In Go, spans are closely tied to the context.Context type. When you create a span, you typically attach it to a context, allowing you to pass tracing information down through function calls. This makes it easy to maintain parent-child relationships between spans and ensures trace data flows naturally through your application’s execution path.

Let’s Run it

Now we can run the program with confidence!

go run main.go

Check The Tracing

Navigate to the Home > Explore > Tempo page of the Grafana dashboard UI (URL provided below).

http://localhost:3005/explore?schemaVersion=1&panes=%7B%22wne%22:%7B%22datasource%22:%22tempo%22,%22queries%22:%5B%7B%22refId%22:%22A%22,%22datasource%22:%7B%22type%22:%22tempo%22,%22uid%22:%22tempo%22%7D,%22queryType%22:%22traceqlSearch%22,%22limit%22:20,%22tableType%22:%22traces%22,%22filters%22:%5B%7B%22id%22:%2243bfb49c%22,%22operator%22:%22%3D%22,%22scope%22:%22span%22%7D%5D%7D%5D,%22range%22:%7B%22from%22:%22now-15m%22,%22to%22:%22now%22%7D%7D%7D&orgId=1

Note: Tempo gathers and displays trace data within Grafana.
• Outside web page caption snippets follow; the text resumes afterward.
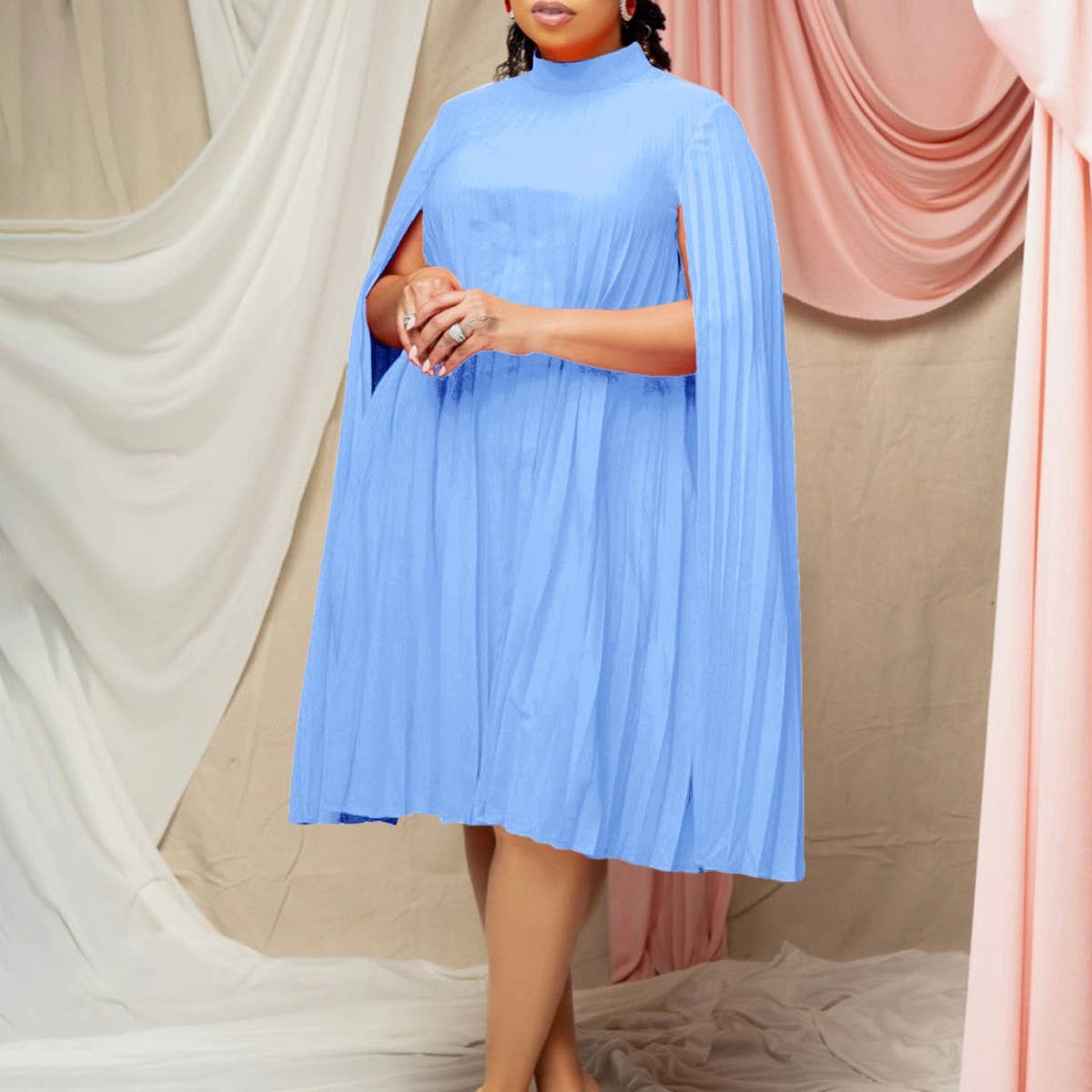 FASHION LOOSE CAPE BAT SLEEVE PLUS SIZE DRESS_CWDMD3703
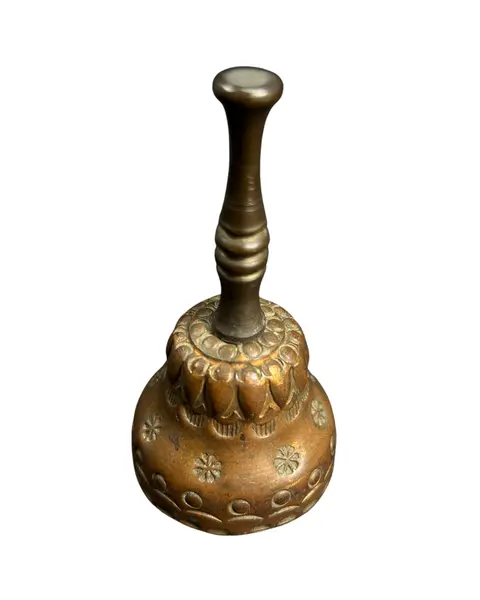 Foto de um(a) Sino em Cobre vintage, da categoria de Outros colecionáveis. Lindo e delicado sino VINTAGE em cobre, com arabescos em baixo relevo e pega em madeira torneada. Mostrado de uma perspectiva diferente. Vendido no marketplace Trésors.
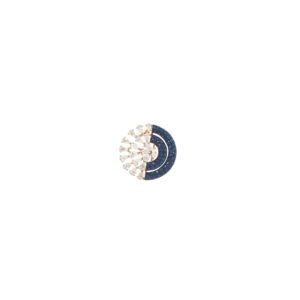 Diamond And Blue Sapphire Half and Half Round Pendant Set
For more details, explore the Tempo documentation.

Here is an example of what you should see — the trace ids will be a bit different for you.

grafana-tempo-dashboard-page.png

You should see a trace ID containing three spans: a root span and two child spans, simulate.task and http.request.

Clicking a span opens the TraceQL explorer, showing how that specific span connects with others.

We can see the following trace connection structure:

  • main.operation (root span)
    • simulate.task (child span)
    • http.request (child span)

grafana-tempo-traceql-drilldown.png

Debugging Your Traces

When working with OTel locally, you might run into a few common problems. These can include misconfigured receivers or exporters, or even missing spans because of broken trace context propagation. These bugs are often hard to find, especially when you don’t have good visibility into the OTel Collector’s activity. For OTel configuration issues, tools like otelbin.io can help you debug your setup and ensure everything is working correctly.

When it comes to broken tracing, spans may show up as unlinked or missing. This often happens if:

  • context.Context isn’t passed between functions.
  • A service starts a new trace instead of continuing one.
  • Trace headers aren’t forwarded in HTTP requests.

The Grafana Tempo dashboard should help spot these issues by clearly showing disconnected or orphaned spans, making it easier to debug and fix broken trace propagation.

Conclusion

In this blog post, we covered:

  • Traces and spans: A high-level overview.
  • Challenges: The difficulties of testing telemetry data locally.
  • An alternative solution: A local testing approach involving:
    • Setting up a local OTel configuration for telemetry.
    • Publishing traces with a minimal Go application.
    • Visualizing traces using the Grafana Tempo Dashboard.
    • Debugging your traces.

While this example is simple, you can apply these fundamentals to your own projects. You could integrate the otel-compose.yaml file directly into your project and run it using the steps we’ve outlined. Tracing is a core component of distributed systems, making micro-service management much easier.

We hope this helps demystify the world of tracing and empowers you to troubleshoot your traces more quickly!